REQUIREMENT: Copy out only the lines running from the one that contains "Shampoo Anti caída Paso A" through the end of the listing. Pictures stay out.

GIVEN DATA section start

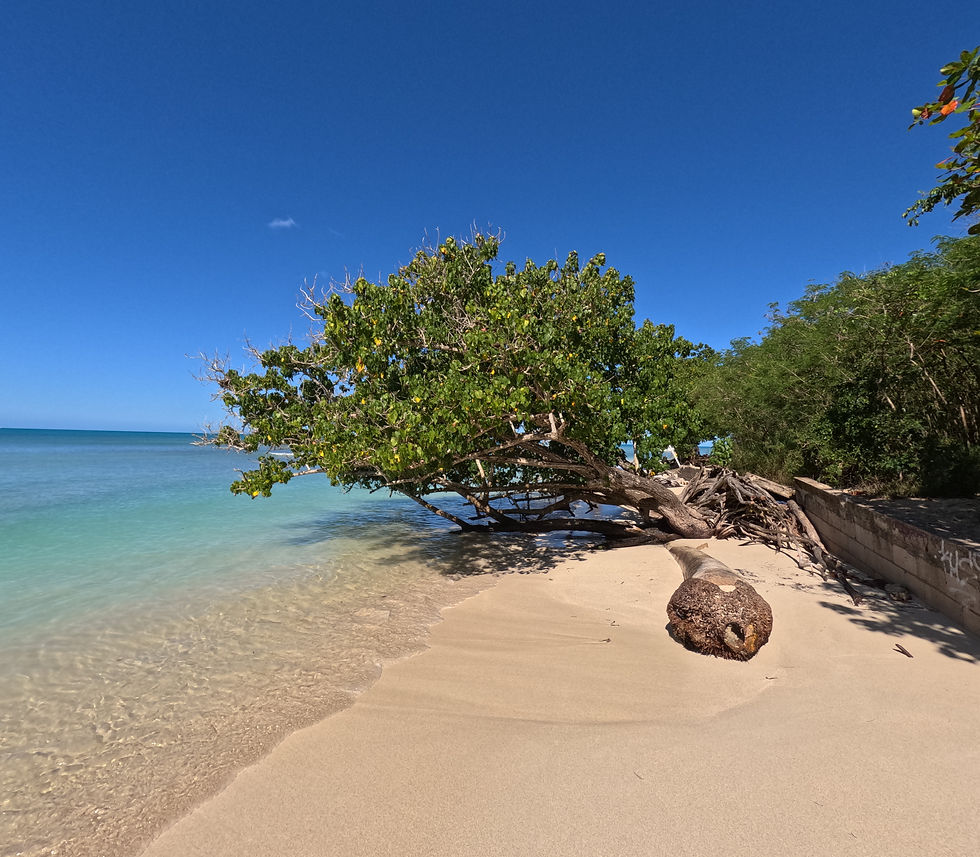 Playa Buye, Cabo Rojo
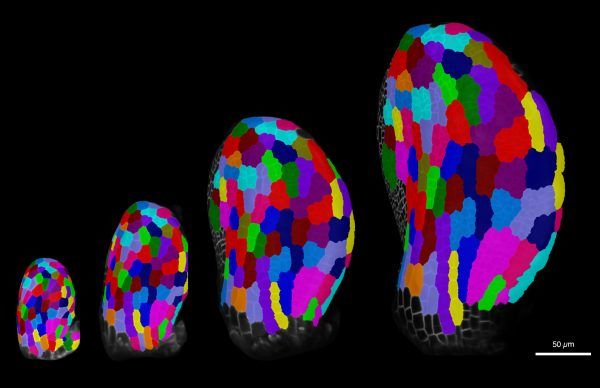 A time-lapse cell fate mapping image to quantify cellular growth patterns in Arabidopsis leaves.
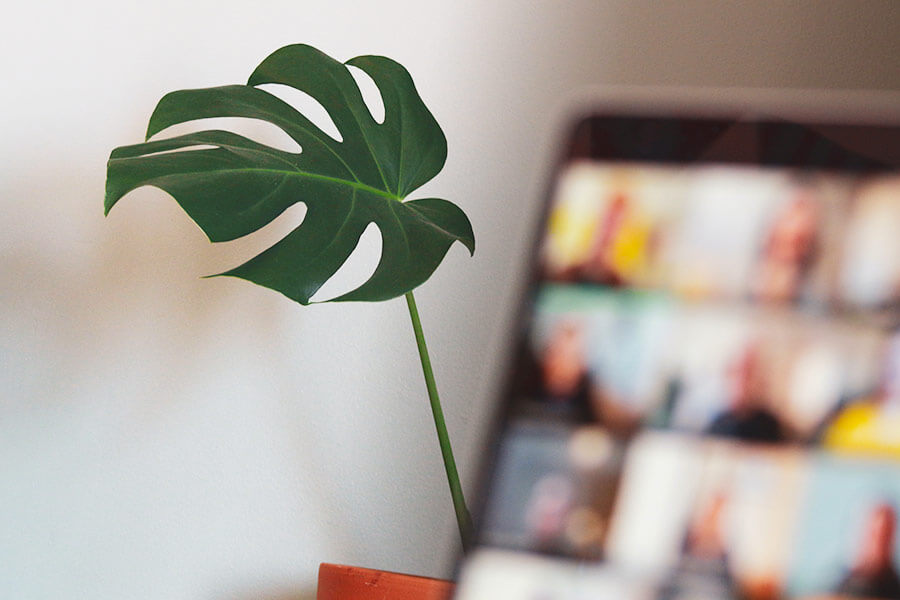 A plant pokes out from behind a laptop. Image by sigmund on Unsplash.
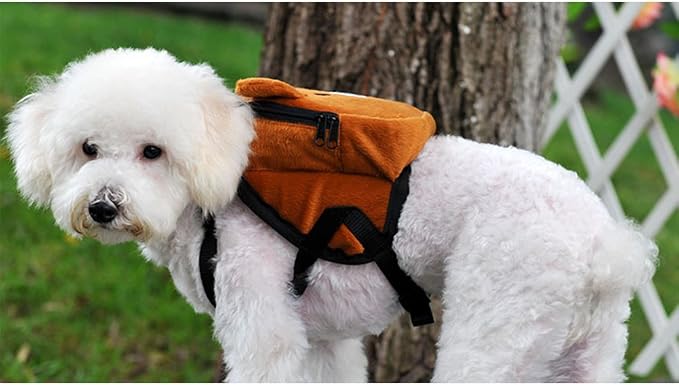Pet Backpack, Cute Dog Backpack - Image 2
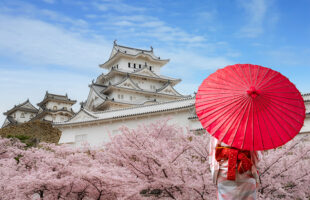 5 reasons why Japan is a country that is definitely worth a visit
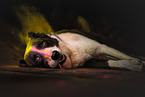 mongrel
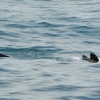 160718 orca calf upside down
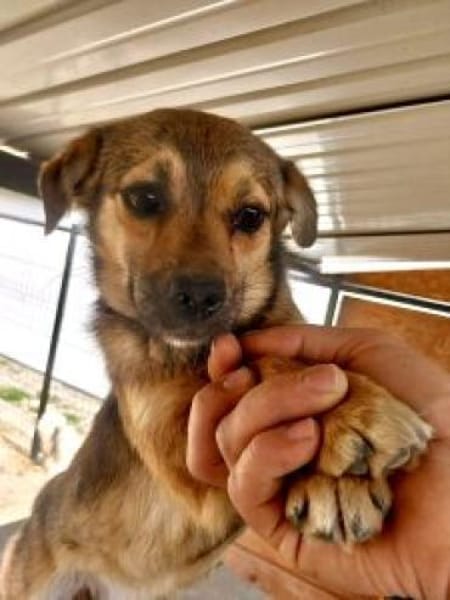 Bounty 28 cm (Pflegestelle)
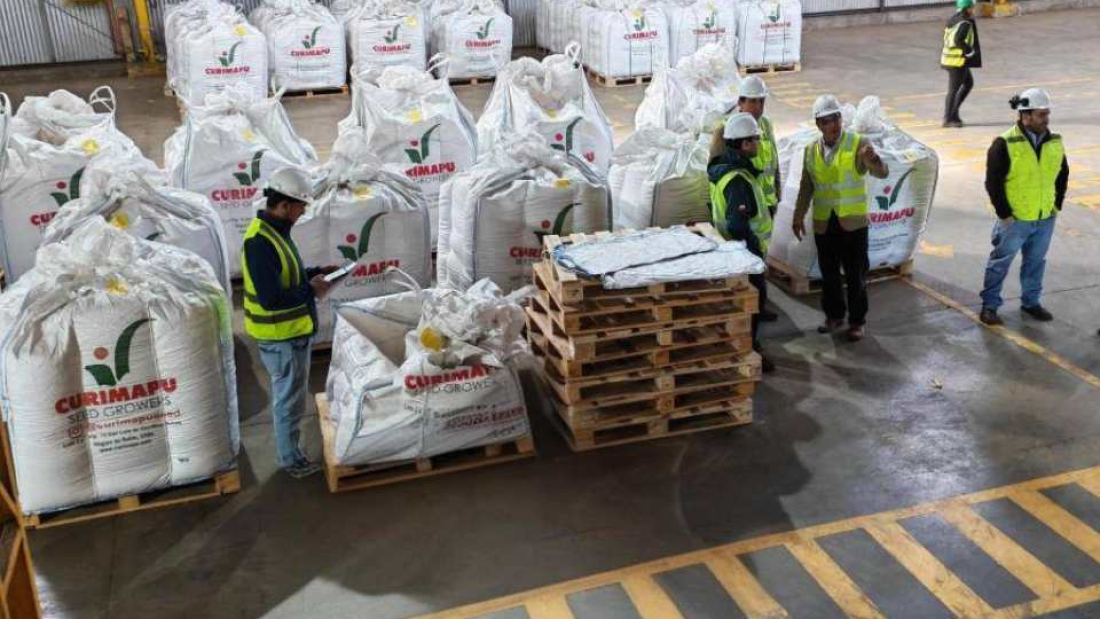 Multiplicacion-de-semillas-certificadas-destacan-impacto-estrategico-de-la-industria-en-Nuble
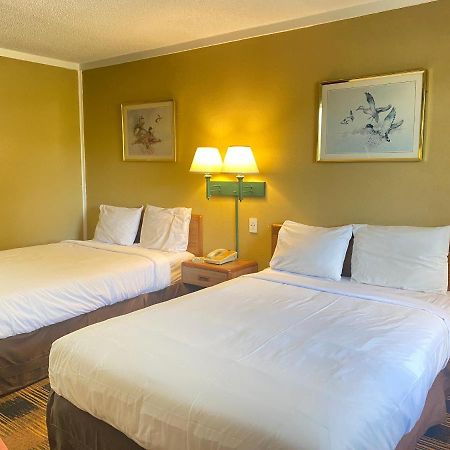 كوداك Smokies Inn - New Linens & Ultrafast Wifi - Friendliest Hospitality Guaranteed! المظهر الخارجي الصورة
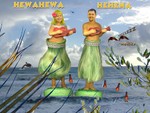 j&h hula.jpg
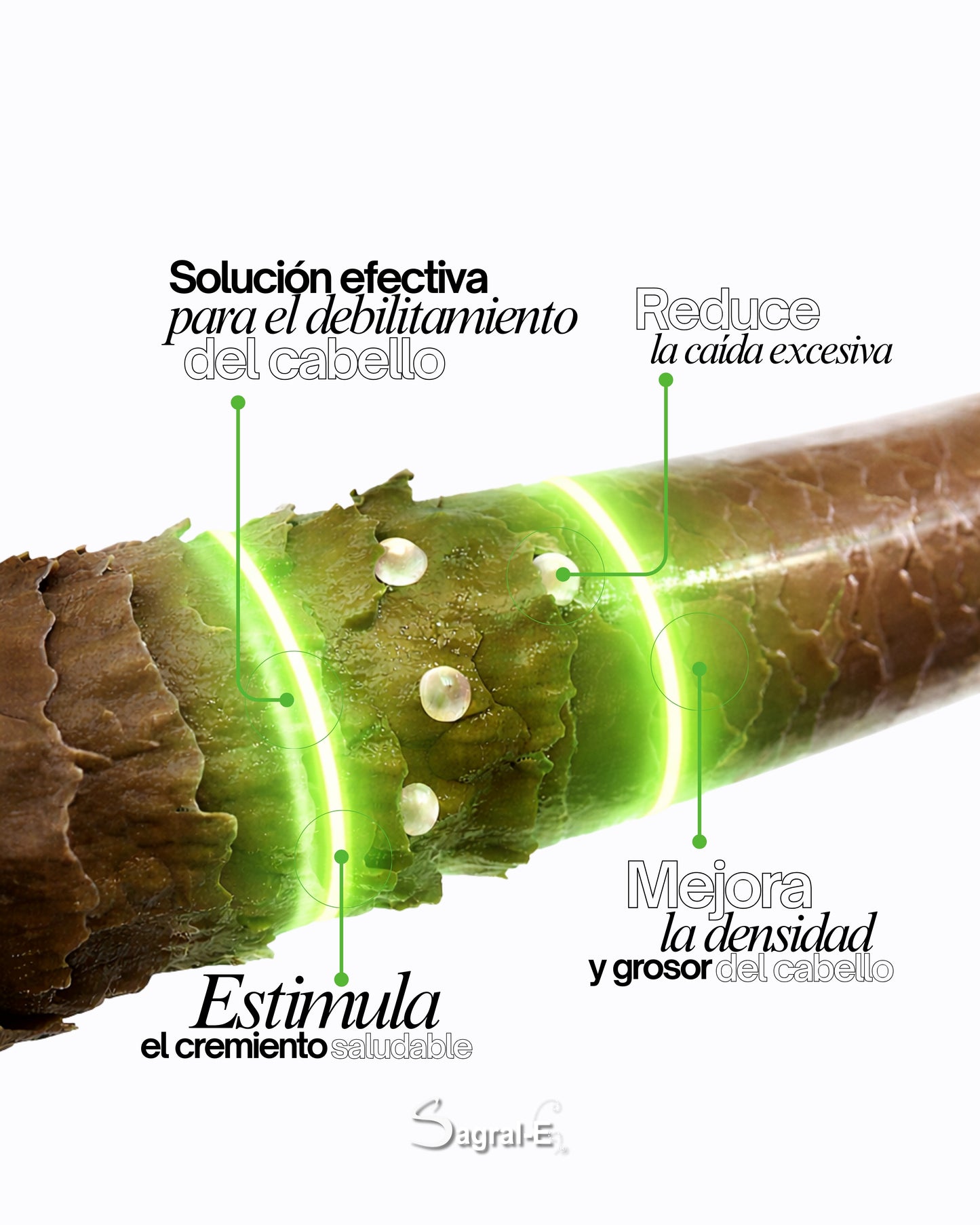 Shampoo Anti caída Paso A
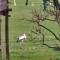 GITE DANS VIGNOBLE ALSACIEN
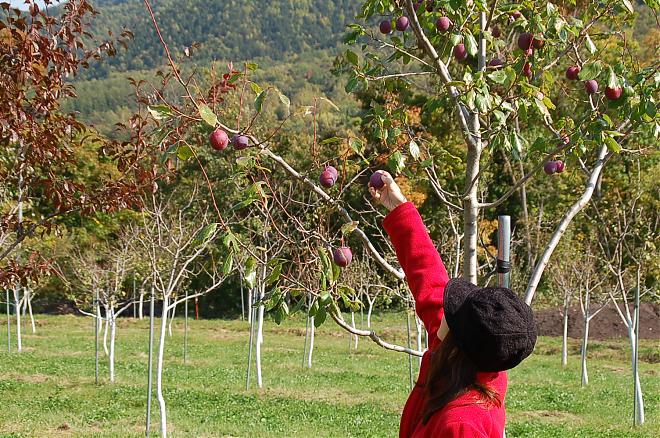 Fruit Picking at Sapporo Orchard in Hokkaido (Departing from Sapporo)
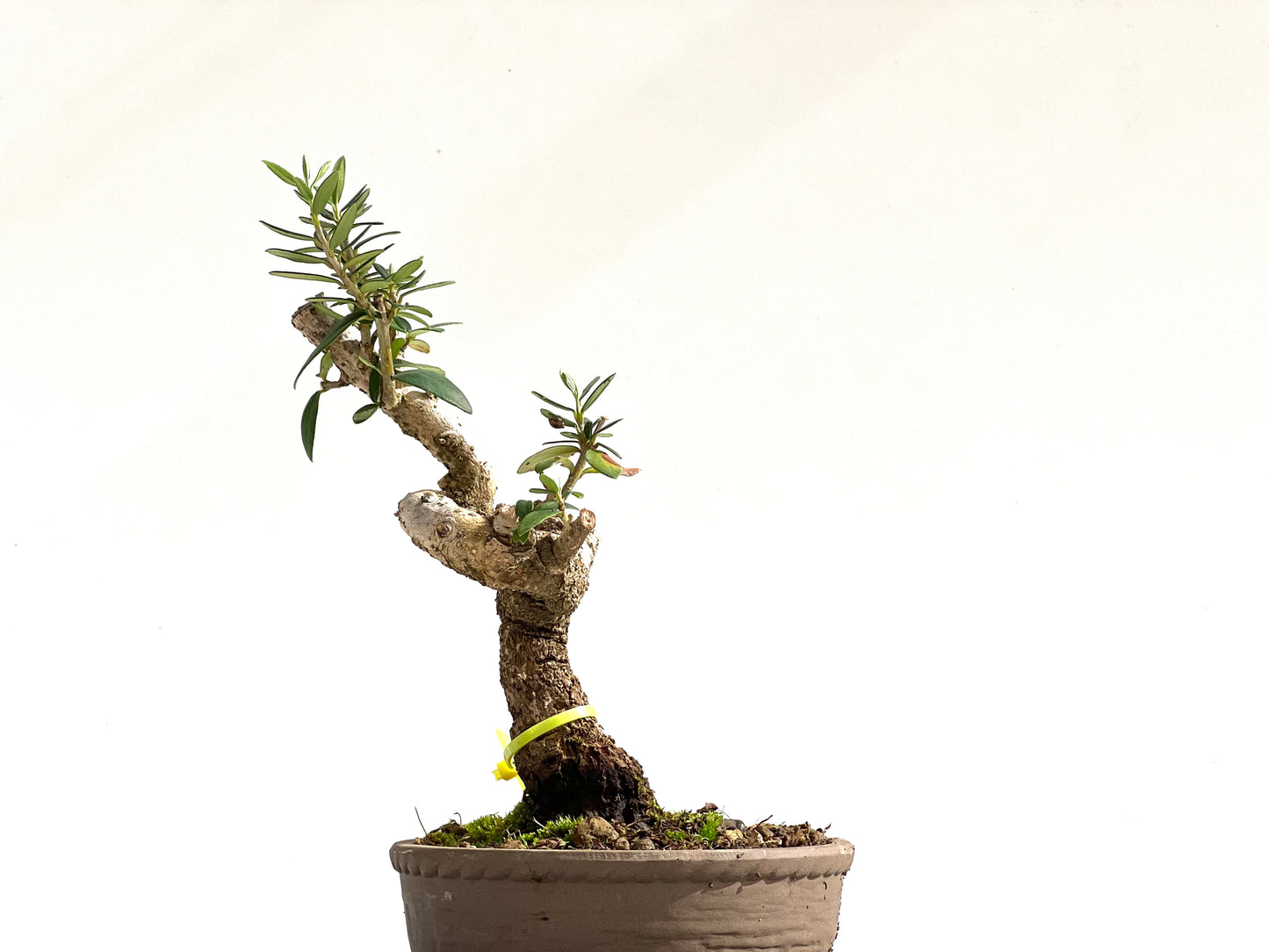 Olea Europaea Sylvestris 2507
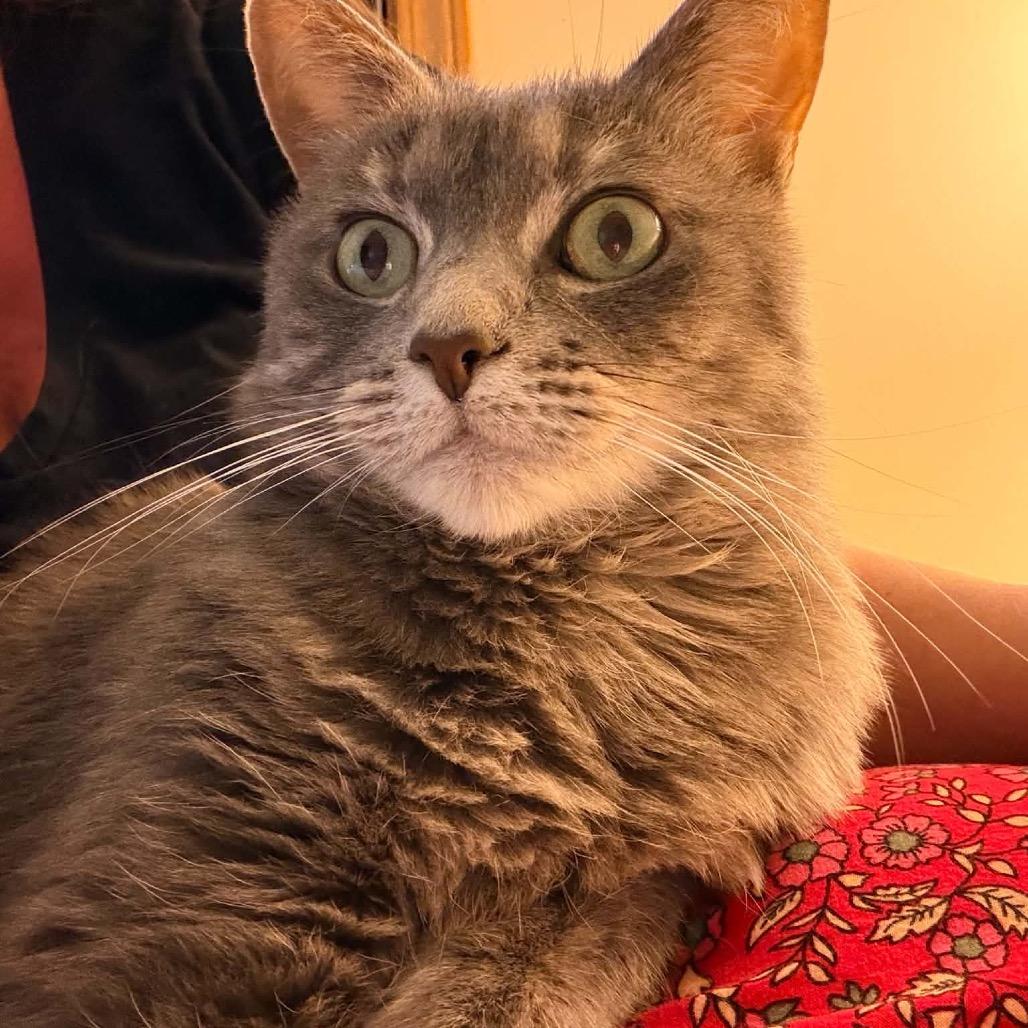 Enlarge Starlet, a Adoptable Domestic Short Hair in Brevard, NC image 3/4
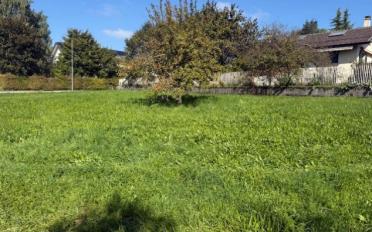 Villa 5.5 Zimmer - image - 6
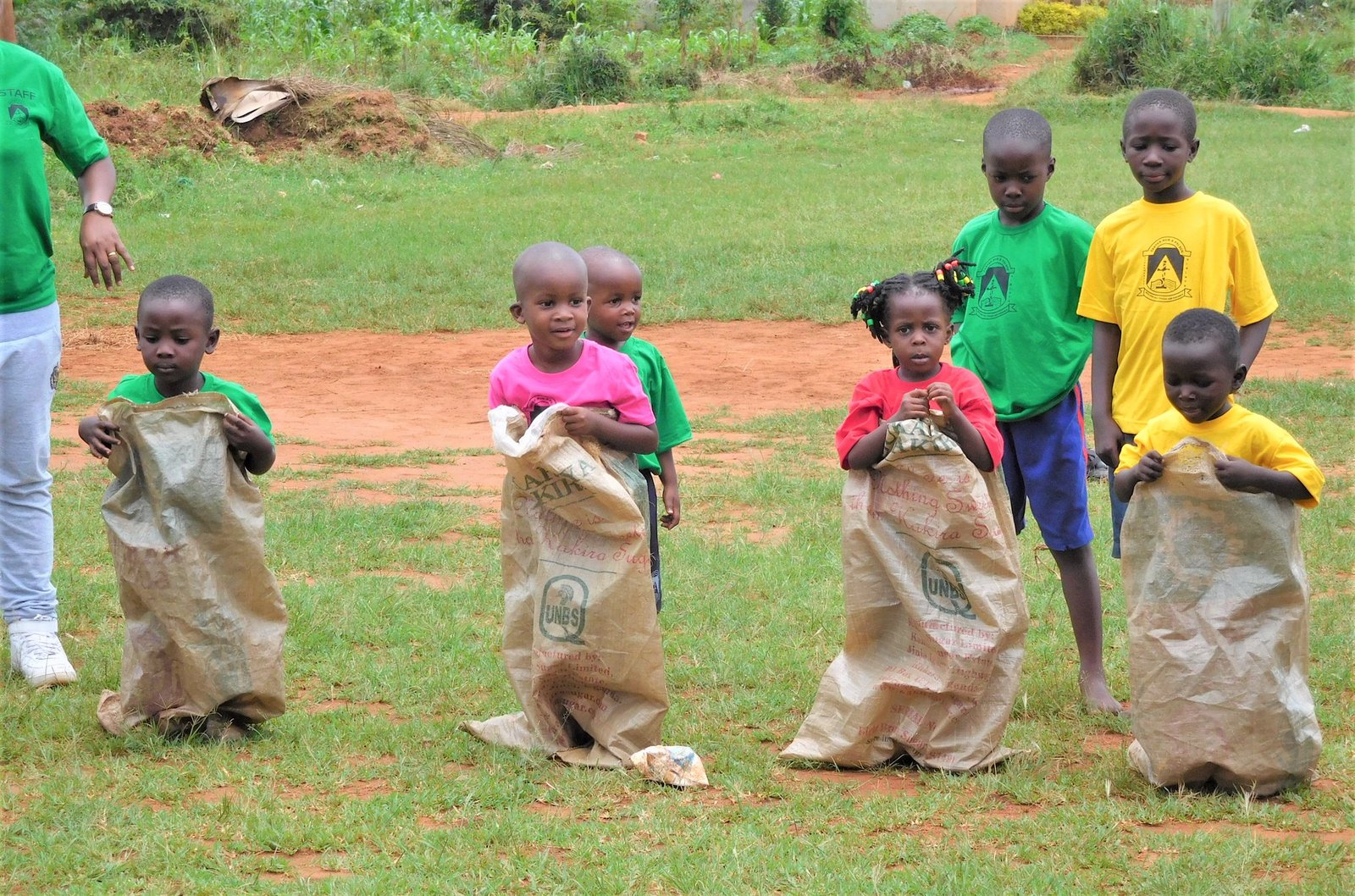 Curiosity and Creativity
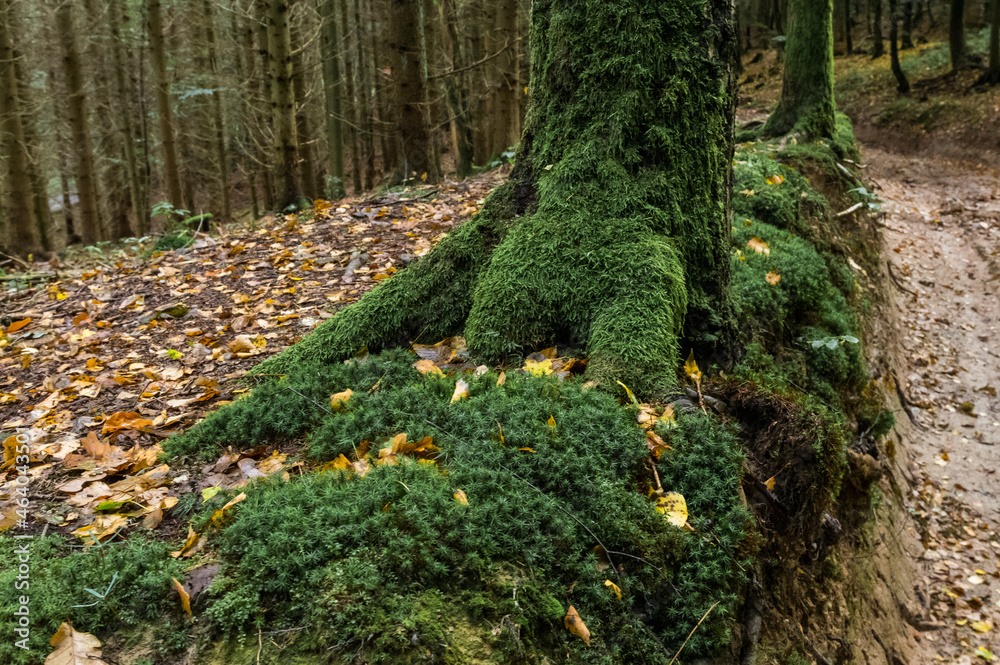 Autumn tree covered by moss surrounded by fallen leaves Autumn tree covered by moss surrounded by fallen leaves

GIVEN DATA section end

ANSWER TO THIS PROBLEM:
 Shampoo Anti caída Paso A
 GITE DANS VIGNOBLE ALSACIEN
 Fruit Picking at Sapporo Orchard in Hokkaido (Departing from Sapporo)
 Olea Europaea Sylvestris 2507
 Enlarge Starlet, a Adoptable Domestic Short Hair in Brevard, NC image 3/4
 Villa 5.5 Zimmer - image - 6
 Curiosity and Creativity
 Autumn tree covered by moss surrounded by fallen leaves Autumn tree covered by moss surrounded by fallen leaves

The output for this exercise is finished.